WHAT THE TASK REQUIRES ::
Leaving out every picture, please repeat exactly the line that contains "1081 Point View Road Photo 19" and each line after it through the final line below.

GIVEN MATERIAL ::
'''
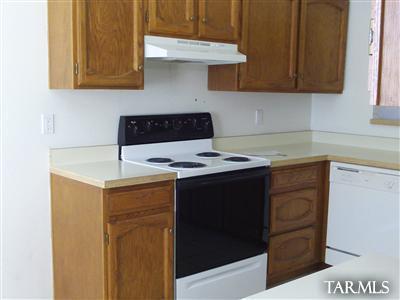 7823 E 4th St, Tucson, AZ 85710 photo 4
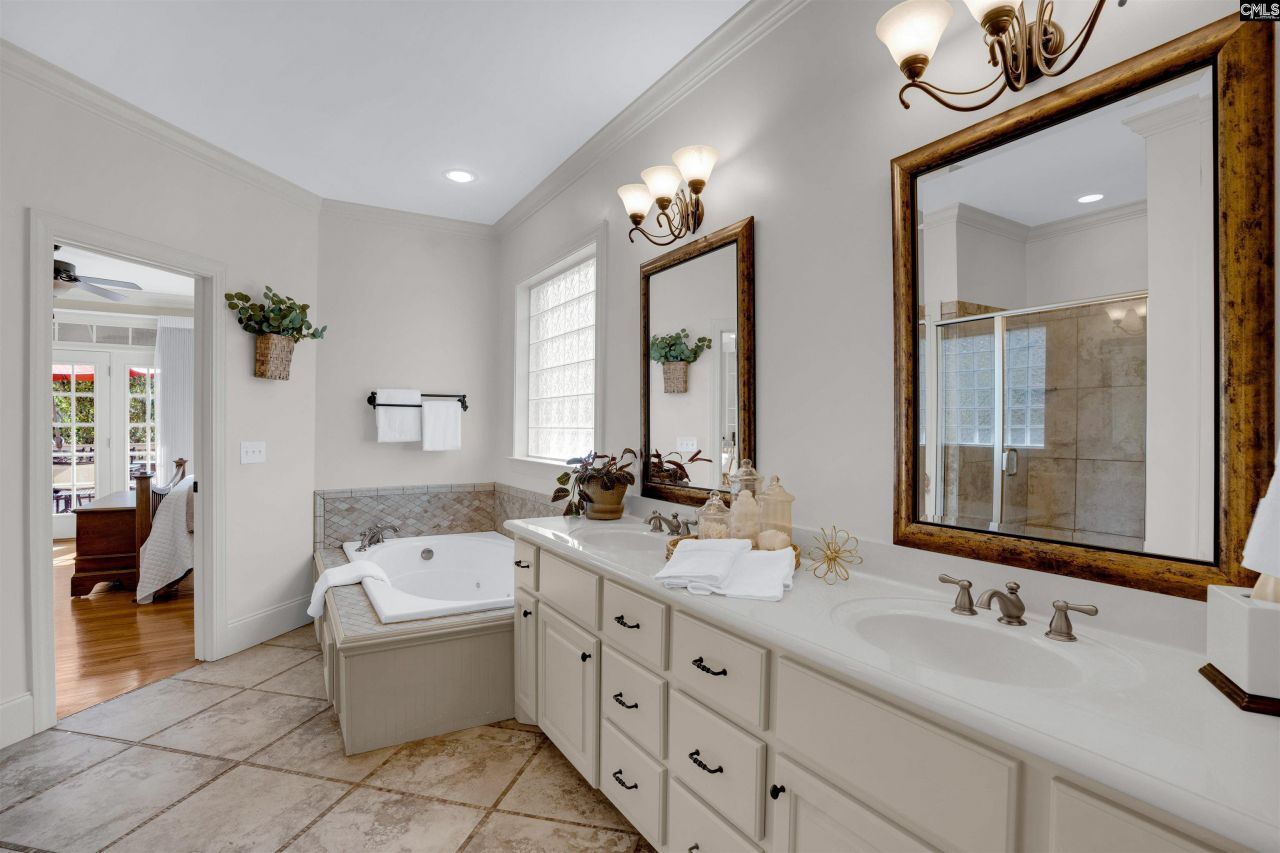 1081 Point View Road Photo 19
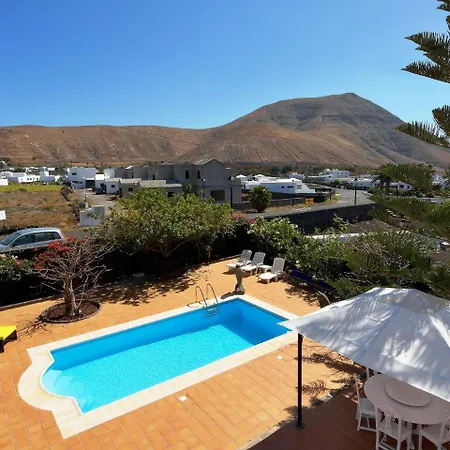 Comfortable Holiday In Yaiza With Swimming Pool Hébergement de vacances *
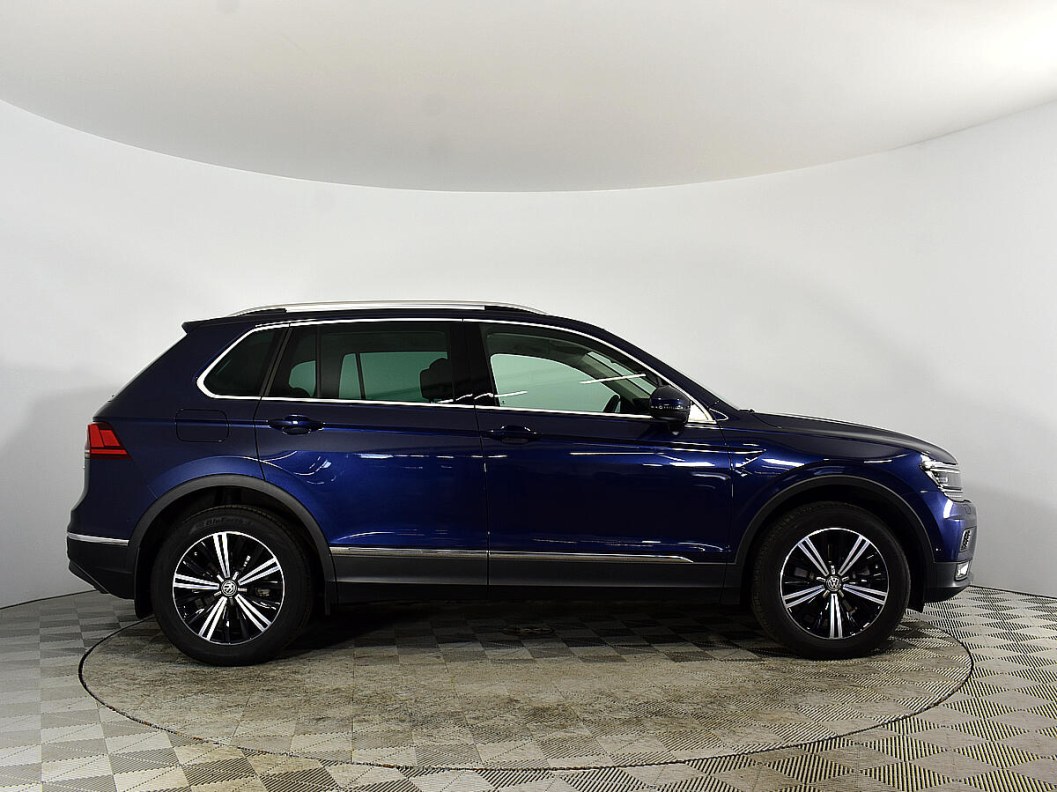Volkswagen Tiguan Comfortline 2.0 DSG фото 6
'''
ANSWER TO THIS PROBLEM ::
 1081 Point View Road Photo 19
 Comfortable Holiday In Yaiza With Swimming Pool Hébergement de vacances *
Volkswagen Tiguan Comfortline 2.0 DSG фото 6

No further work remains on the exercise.